### Aim of the task
Please return the data that follows precisely as written, but without the images.

### Dataset section
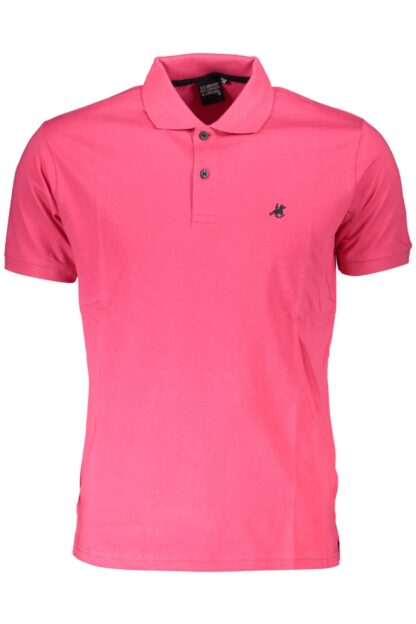 U.S. Grand Polo - Pink Cotton Men Polo Shirt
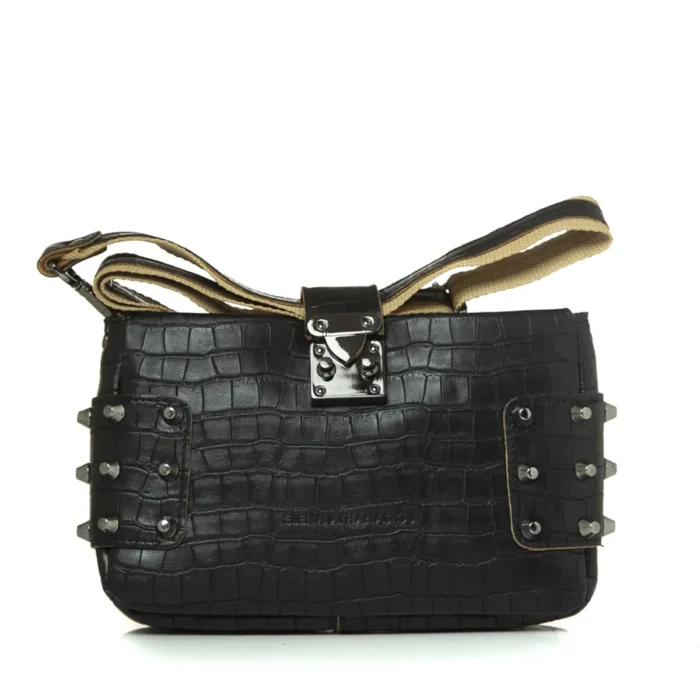 City Lady Croco Clutch Bags Μαυρη - Image 4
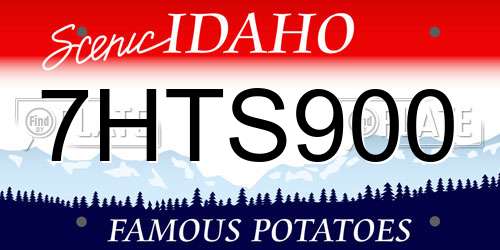 7HTS900 Idaho License Plate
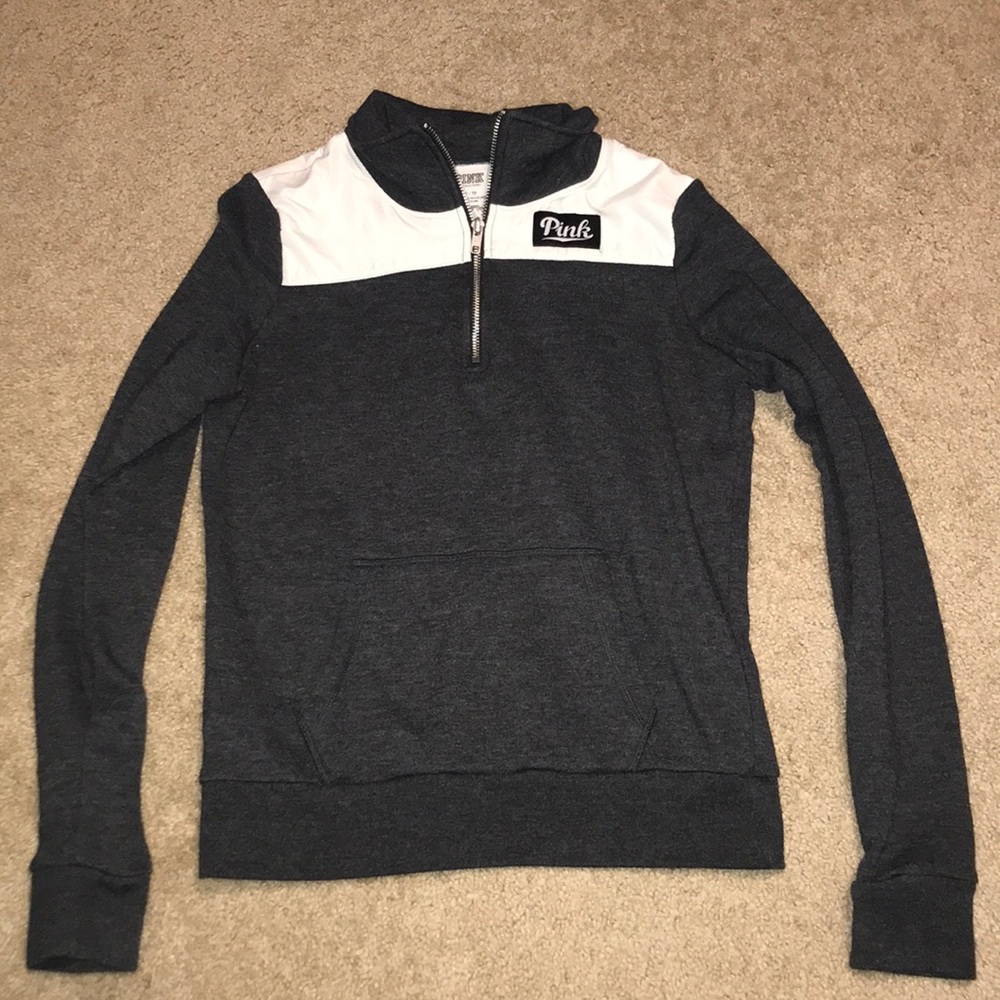Victoria’s Secret grey quarter zip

### Response to this exercise
 U.S. Grand Polo - Pink Cotton Men Polo Shirt
 City Lady Croco Clutch Bags Μαυρη - Image 4
 7HTS900 Idaho License Plate
Victoria’s Secret grey quarter zip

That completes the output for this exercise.